8. Call It a Coyote: How to Exterminate Wolves in Colonial Utah:
Coleman makes the point that Mormon settlers very much wanted to leave the wolf-phase behind and enter into a civilized era. For this reason, they situated their wolf-stories in the past (and even changed the name of one species, the prairie wolf, to "coyote" in order to create the illusion of wolf extirpation).

Part Four: The Federal Government
9. Annihilation and Enlightenment: The Cultural Extinction of North American Wolves:
Here we have the meaty (sorry) modernity section. Aldo Leopold's "Thinking Like a Mountain" starts us off, as a handy link between wolf-killing and wolf-loving (he used to work as a professional wolf killer via the USFS). Coleman then describes the way the government, in the first half of the twentieth century, organized wolf hunts in such a way that the wolves were cleared from "every region in the temperate United States in which a human could grow a marketable plant or animal" (192). Most interestingly, during this time, "last wolves", which were often seen as the most strong or powerful or smart of their species, were made into heroes (but not so heroic that they didn't deserve to die). Here, wolves were made sympathetic for the first time, through such stories as those of Ernest Thompson Seton, and urbanizing and industrializing America began to feel sad about their disappearance. (But, see footnote about utilitarianism of animal control in the 1920s, and traveling exhibits of animal parts, p 221).

Ernest Thompson Seton.

Reintroduction:
A conclusion, based on contemporary wolf stories and conflicts between ranchers and conservationists. Some hopeful stories about the success of introduction into national parks, and Coleman's final assessment: "Wolves embody an unbroken history of conquest, worth pondering and protecting" (235).

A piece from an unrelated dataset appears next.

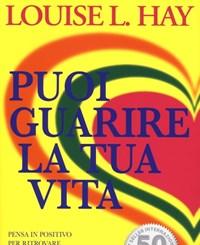 Puoi Guarire La Tua Vita<br>Pensa In Positivo Per Ritrovare Il Benessere Fisico E La Serenità Interiore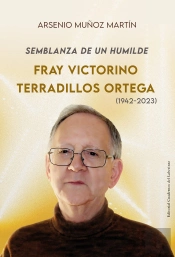 Semblanza De Un Humilde. Fray Victorino Terradillos Ortega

The wolf-loving site I got this from, www.heartofthewolf.org, had this pic animated so that the wolf's mouth was opening and closing and you could see steam coming out. Tragically, I couldn't figure out how to transfer the Quicktime.

Reviews: In the Journal of American History, Karen Jones wrote that the book effectively pointed out the need for an integration of animal stories into human history. She liked the beginning of the book better than the end - she wished that the contemporary story of the wolves' image rehab had been covered more extensively. I remember that I read a positive review of this book in the Atlantic - that's what made me get the book in first place, and, not incidentally, reading the book is what made me want to go to grad school. That review started off "This is a sick-making book." It's interesting to think that this project could be seen by some as so overtly political - I don't think of it as being an animals rights book, though it's very anti-colonial, but I guess if you wanted to deploy it for animal-rights purposes, you certainly could.

Books to follow up on: Secondary:
Carl Degler, In Search of Human Nature: The Decline and Revival of Darwinism in American Social Thought (1991); Patrick Malone, The Skulking Way of War: Technology and Tactics Among the New England Indians (2000); Marion Schwartz, A History of Dogs in the Early Americas (1997).

1 comment:

raquel said...

oooh, timing. I just read an anecdote about the Yellowstone wolves, claiming that the population would have come back on its own, but that Parks Service chose to reintroduce them rather than wait so that, if the population ever got "too" large again, they would be able to shoot them (since they were introduced). There was no footnote, and I wonder if that's true.